Your objective: What appears from the first line of the data below through the line containing "Kia Niro 1.6", both included, should be copied exactly, and nothing else.

[Records drawn from a dataset]
= Beginning of Section =

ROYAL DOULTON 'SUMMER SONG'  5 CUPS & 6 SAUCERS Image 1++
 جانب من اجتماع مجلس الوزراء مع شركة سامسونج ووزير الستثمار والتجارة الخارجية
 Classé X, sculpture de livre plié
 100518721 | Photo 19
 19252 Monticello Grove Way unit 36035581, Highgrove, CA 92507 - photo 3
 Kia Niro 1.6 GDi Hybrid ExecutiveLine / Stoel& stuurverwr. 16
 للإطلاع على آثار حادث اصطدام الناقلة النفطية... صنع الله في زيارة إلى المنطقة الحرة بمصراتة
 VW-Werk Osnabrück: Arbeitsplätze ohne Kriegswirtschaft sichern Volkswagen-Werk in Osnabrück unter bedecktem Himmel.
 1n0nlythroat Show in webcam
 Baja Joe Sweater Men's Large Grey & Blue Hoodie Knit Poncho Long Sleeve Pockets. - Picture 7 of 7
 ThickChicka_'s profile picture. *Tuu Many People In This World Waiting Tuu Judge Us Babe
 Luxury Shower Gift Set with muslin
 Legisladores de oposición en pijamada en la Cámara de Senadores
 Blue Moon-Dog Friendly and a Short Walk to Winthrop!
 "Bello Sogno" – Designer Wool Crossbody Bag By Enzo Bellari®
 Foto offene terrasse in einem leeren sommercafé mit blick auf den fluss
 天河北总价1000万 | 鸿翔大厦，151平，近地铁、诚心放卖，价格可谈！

= End of Section =

Exercise response:
ROYAL DOULTON 'SUMMER SONG'  5 CUPS & 6 SAUCERS Image 1++
 جانب من اجتماع مجلس الوزراء مع شركة سامسونج ووزير الستثمار والتجارة الخارجية
 Classé X, sculpture de livre plié
 100518721 | Photo 19
 19252 Monticello Grove Way unit 36035581, Highgrove, CA 92507 - photo 3
 Kia Niro 1.6 GDi Hybrid ExecutiveLine / Stoel& stuurverwr. 16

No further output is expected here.